━━━━━ TASK INPUTS ━━━━━
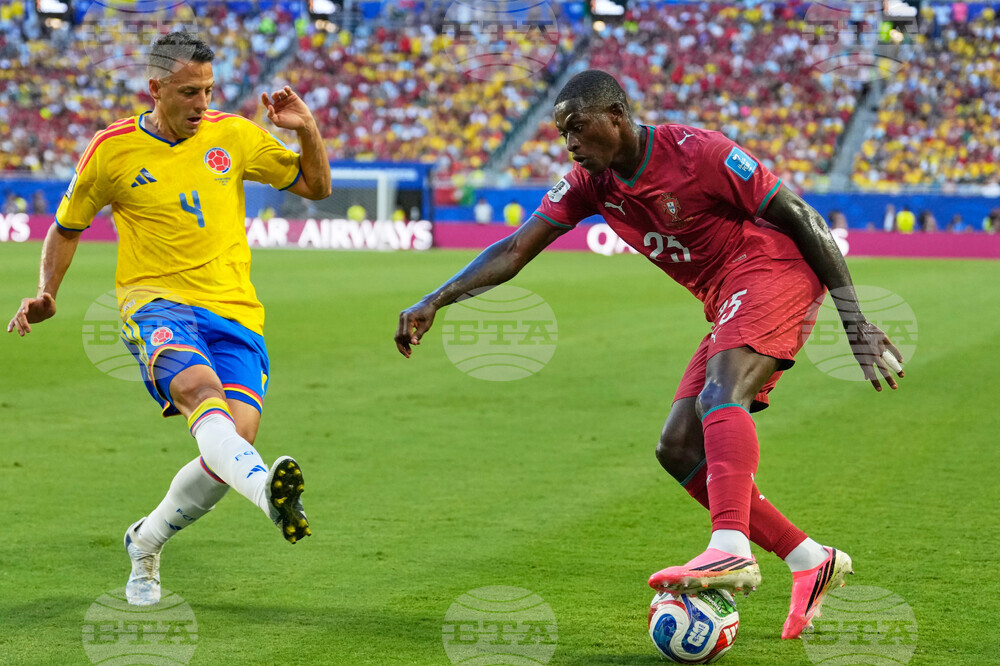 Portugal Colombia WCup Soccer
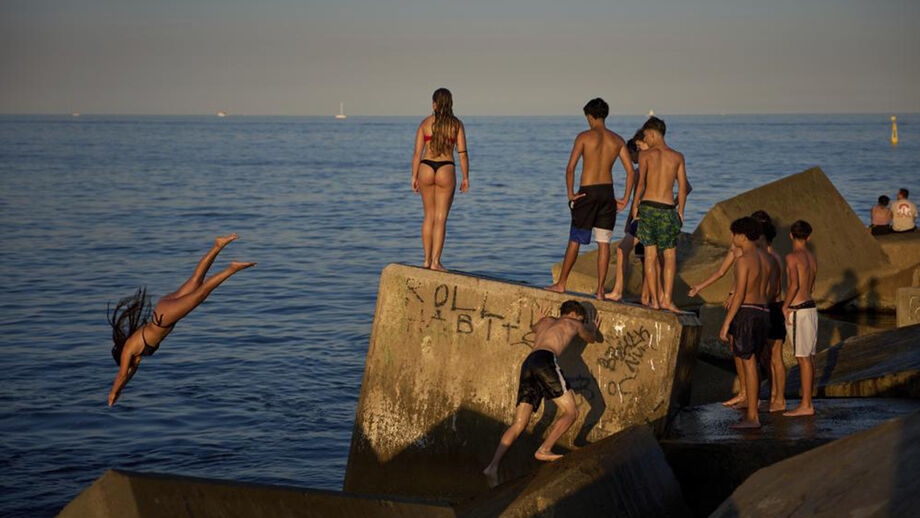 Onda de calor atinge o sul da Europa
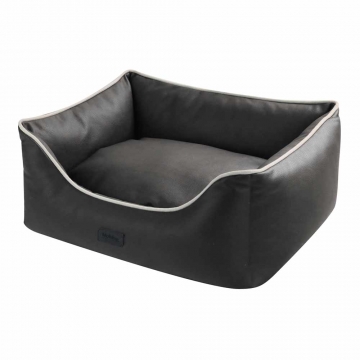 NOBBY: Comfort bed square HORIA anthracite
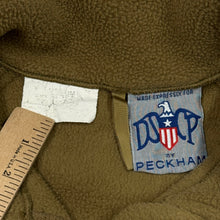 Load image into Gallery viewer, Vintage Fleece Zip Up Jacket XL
━━━━━
━━━━━ TASK INPUTS ━━━━━
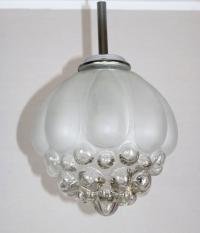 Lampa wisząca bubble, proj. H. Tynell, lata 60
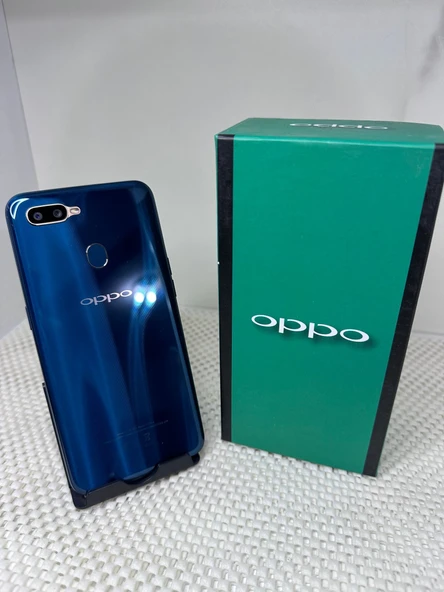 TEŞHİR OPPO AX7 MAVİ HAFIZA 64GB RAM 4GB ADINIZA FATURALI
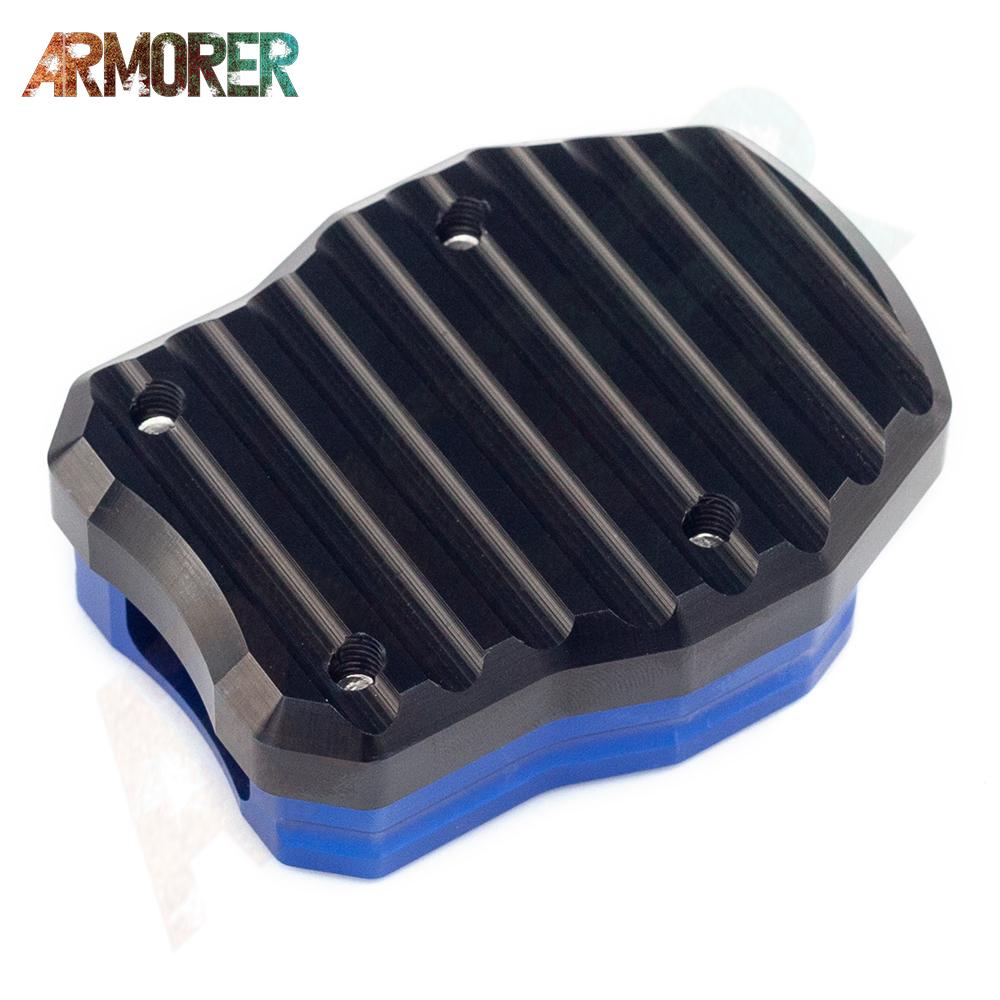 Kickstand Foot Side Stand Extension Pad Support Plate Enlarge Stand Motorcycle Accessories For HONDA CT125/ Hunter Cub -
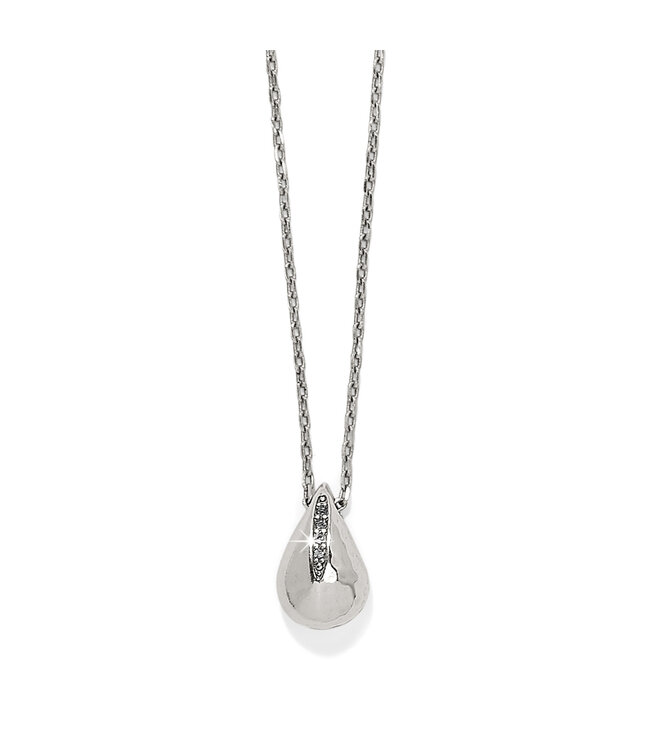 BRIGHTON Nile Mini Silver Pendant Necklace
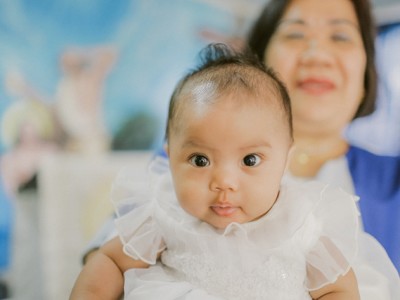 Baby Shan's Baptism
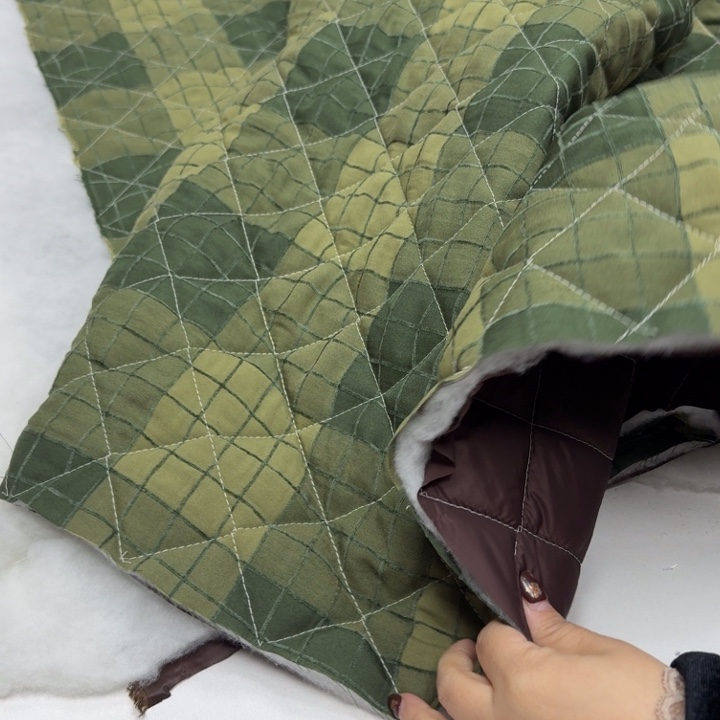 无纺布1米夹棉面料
━━━━━
━━━━━ TASK INPUTS ━━━━━
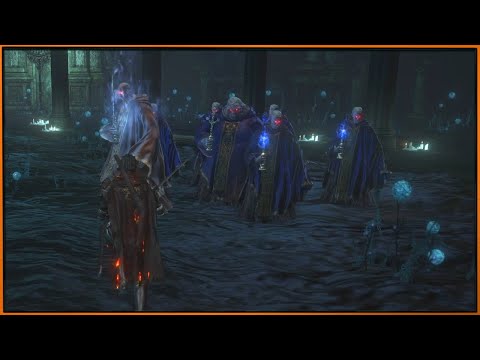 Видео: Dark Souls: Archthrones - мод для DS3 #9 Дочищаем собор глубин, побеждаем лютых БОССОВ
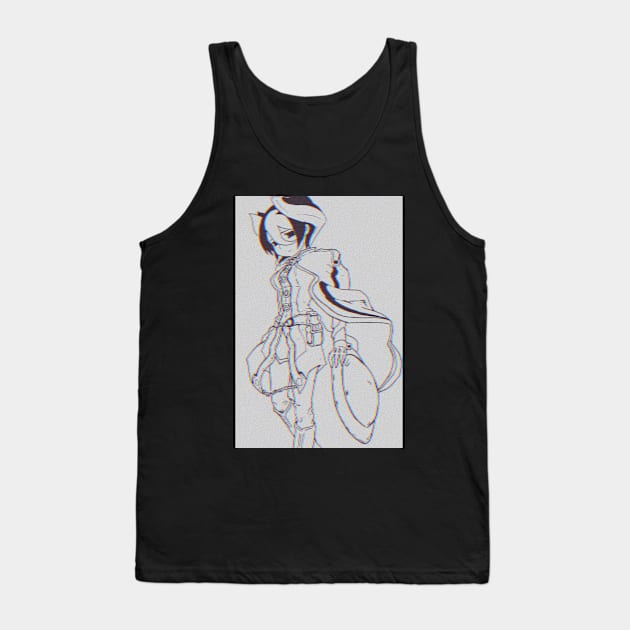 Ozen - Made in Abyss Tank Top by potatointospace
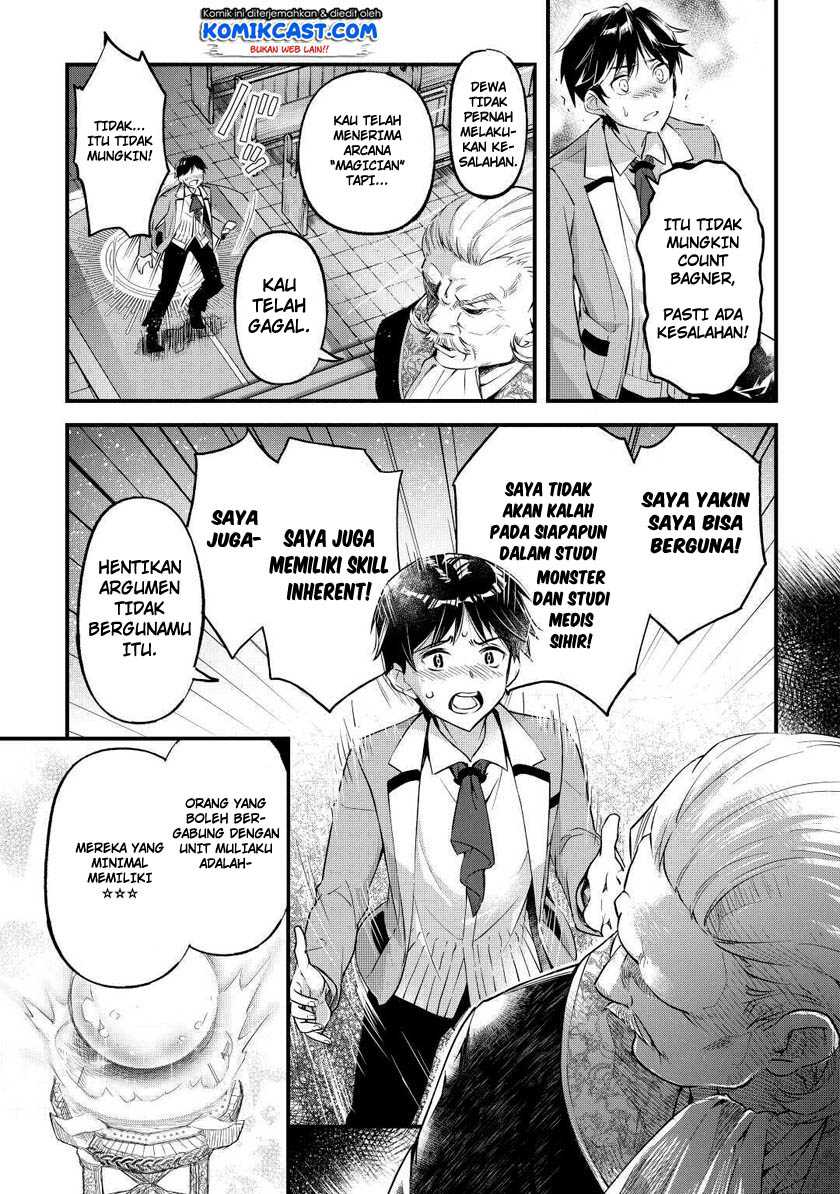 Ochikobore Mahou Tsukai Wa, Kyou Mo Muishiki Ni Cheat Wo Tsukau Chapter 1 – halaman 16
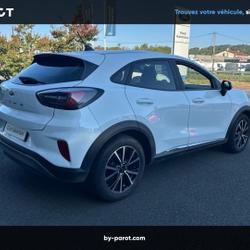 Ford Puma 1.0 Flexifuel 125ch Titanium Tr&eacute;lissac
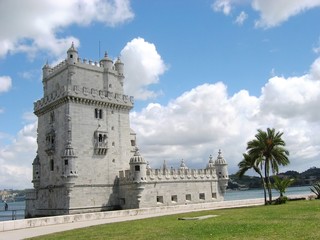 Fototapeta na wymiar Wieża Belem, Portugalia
━━━━━
● **EXERCISE PROMPT**
Of the lines above, quote exactly those from the one with "Portugal Colombia WCup Soccer" through the one with "Load image into", ends included; pictures stay out.

● **REPLY**
 Portugal Colombia WCup Soccer
 Onda de calor atinge o sul da Europa
 NOBBY: Comfort bed square HORIA anthracite
 Load image into Gallery viewer, Vintage Fleece Zip Up Jacket XL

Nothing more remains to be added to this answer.